Exercise | Print out each entry without alteration, and keep the pictures out.

Record extracts |
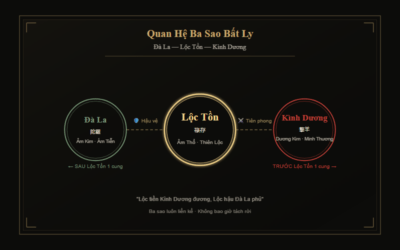 Sao Kình Dương Trong Tử Vi — Ý Nghĩa, Ảnh Hưởng & Cách Hóa Giải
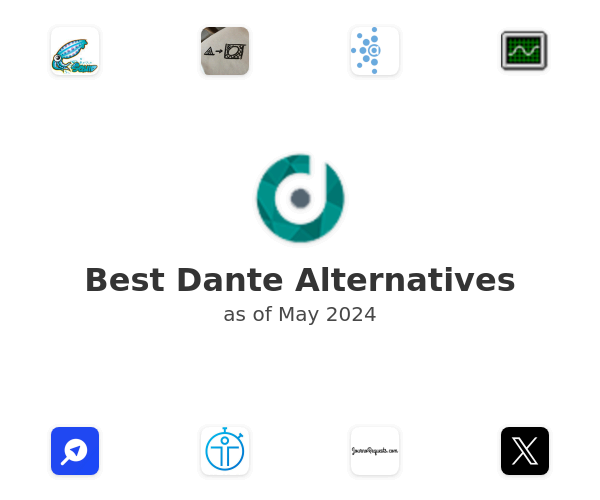 Best Dante Alternatives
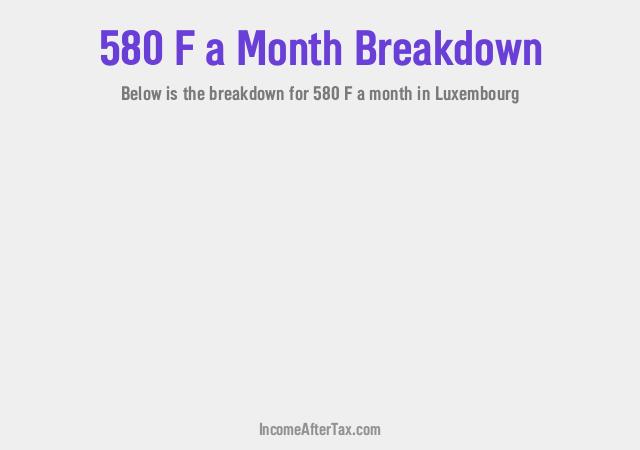 How much is F580 a Month After Tax in Luxembourg?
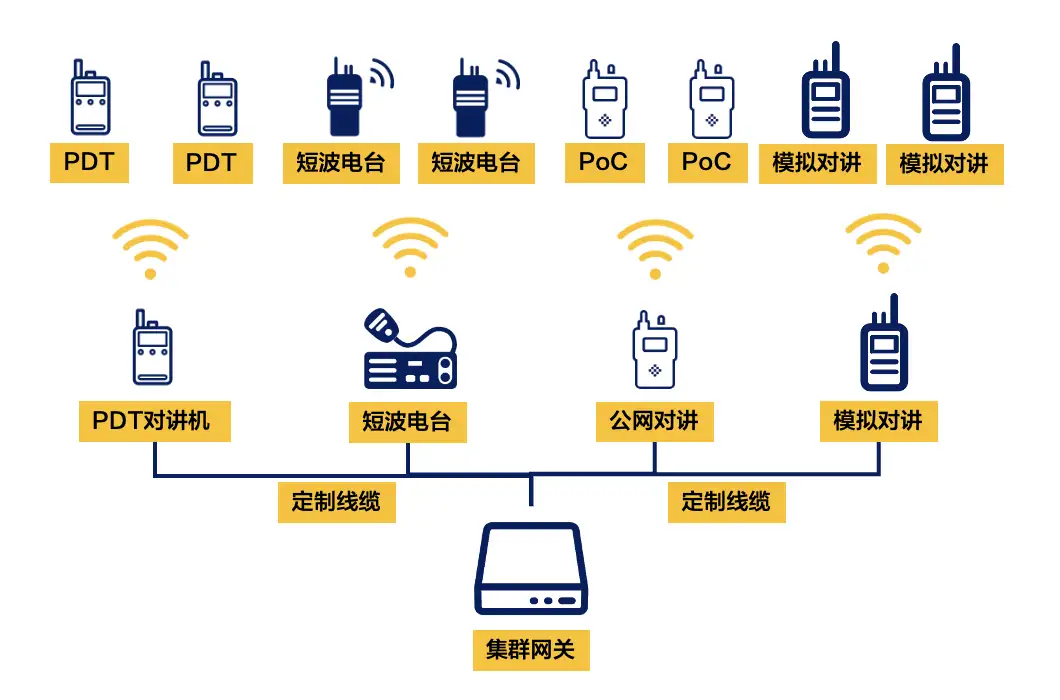 集群网关互联互通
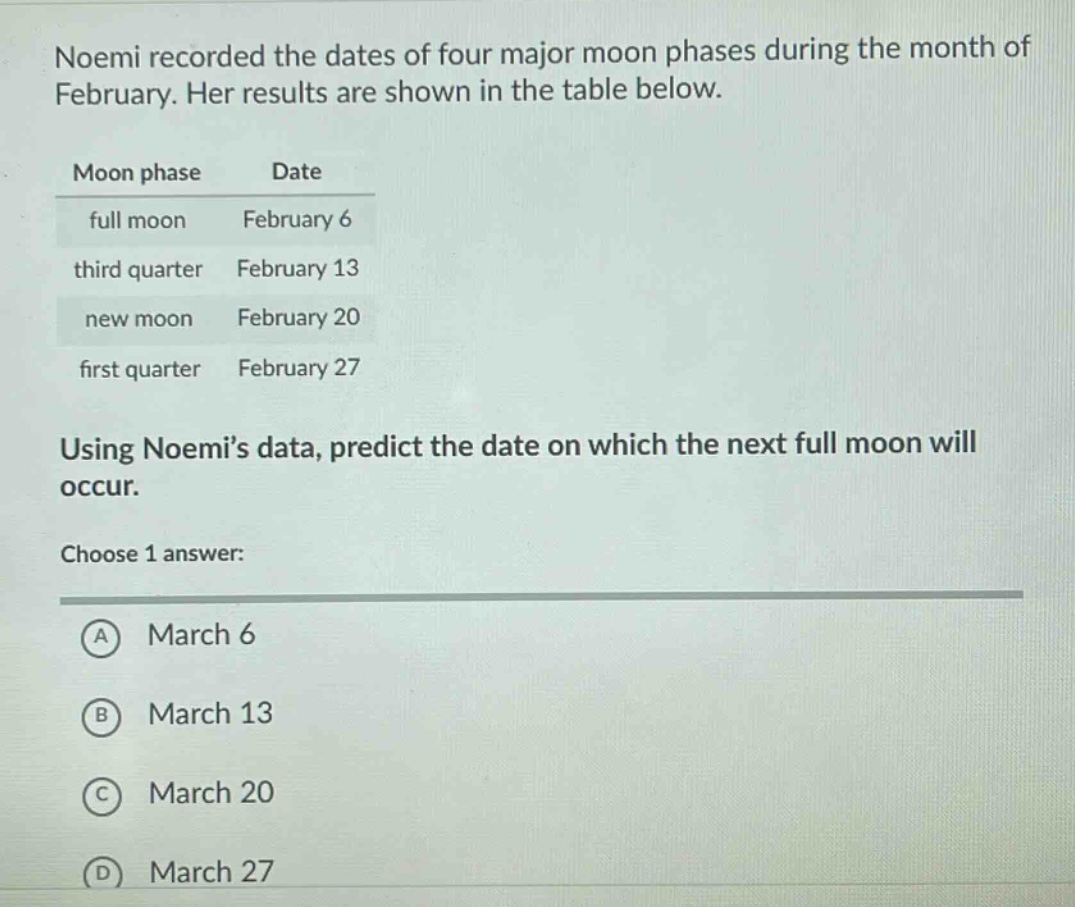 noemi recorded the dates of four major moon phases during the month of february. her results are shown in the table below. moon phase date full moon february 6 third quarter february 13 new moon february 20 first quarter february 27 using noemis data, predict the date on which the next full moon will occur. choose 1 answer: a march 6 b march 13 c march 20 d march 27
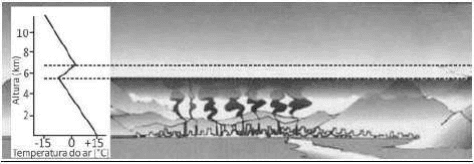 Ilustração de chaminés com pluma de poluição à direita e perfil de temperatura à esquerda, altura em km e temperaturas−15,0,+15°C; curva completa e camada de inversão.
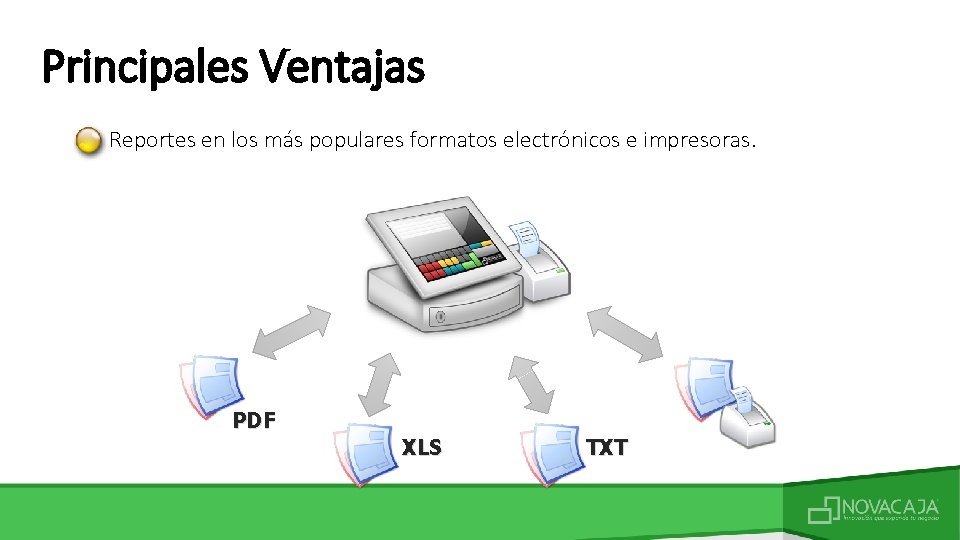 Principales Ventajas Reportes en los más populares formatos electrónicos e impresoras. PDF XLS TXT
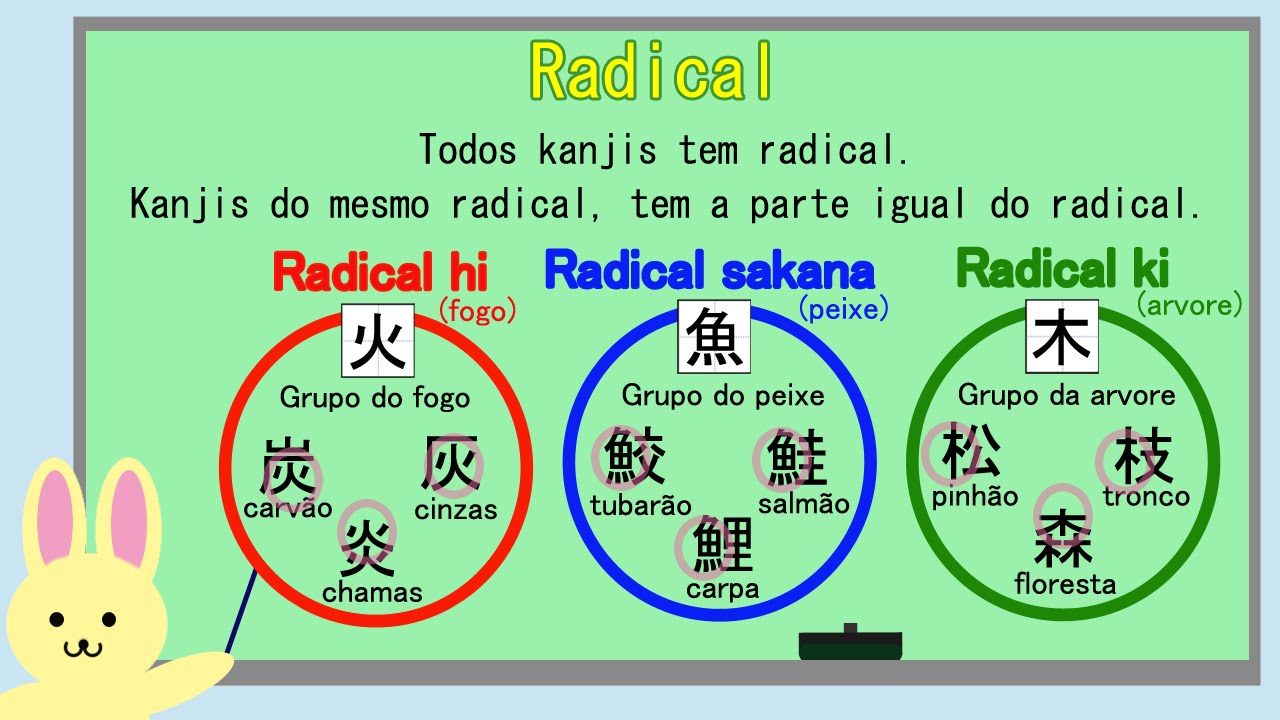 Aprenda as primeiras 1000 palavras em japonês [Kanji, Hiragana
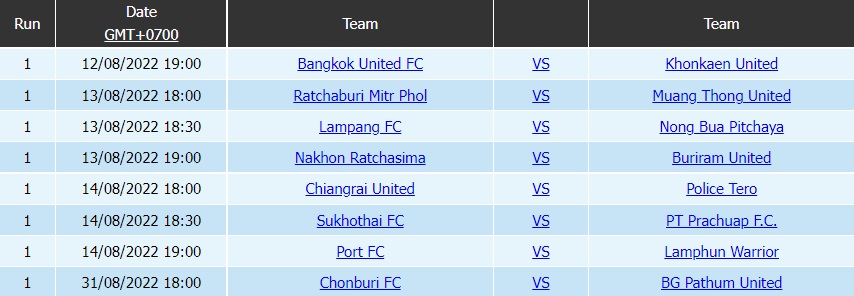 Nhận định, soi kèo Bangkok United vs Khonkaen 19h00 ngày 128 (VĐQG Thái Lan 202223) 5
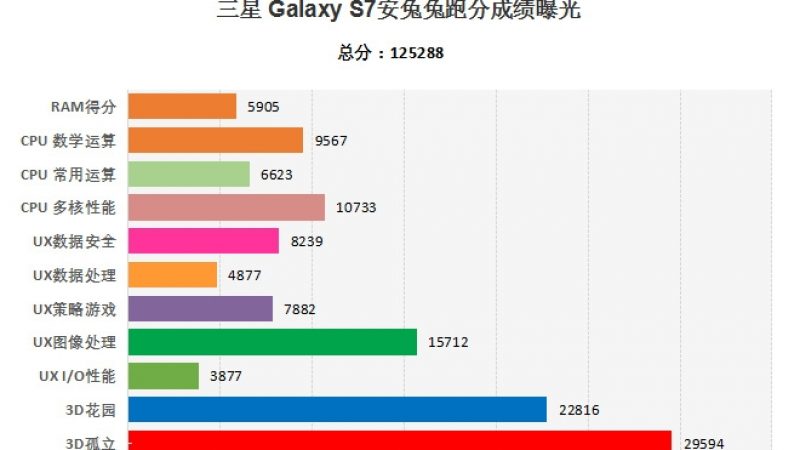 Flashé sur AnTuTu, le Samsung Galaxy S7 explose les compteurs avec un score à 6 chiffres.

Written response |
 Sao Kình Dương Trong Tử Vi — Ý Nghĩa, Ảnh Hưởng & Cách Hóa Giải
 Best Dante Alternatives
 How much is F580 a Month After Tax in Luxembourg?
 集群网关互联互通
 noemi recorded the dates of four major moon phases during the month of february. her results are shown in the table below. moon phase date full moon february 6 third quarter february 13 new moon february 20 first quarter february 27 using noemis data, predict the date on which the next full moon will occur. choose 1 answer: a march 6 b march 13 c march 20 d march 27
 Ilustração de chaminés com pluma de poluição à direita e perfil de temperatura à esquerda, altura em km e temperaturas−15,0,+15°C; curva completa e camada de inversão.
 Principales Ventajas Reportes en los más populares formatos electrónicos e impresoras. PDF XLS TXT
 Aprenda as primeiras 1000 palavras em japonês [Kanji, Hiragana
 Nhận định, soi kèo Bangkok United vs Khonkaen 19h00 ngày 128 (VĐQG Thái Lan 202223) 5
 Flashé sur AnTuTu, le Samsung Galaxy S7 explose les compteurs avec un score à 6 chiffres.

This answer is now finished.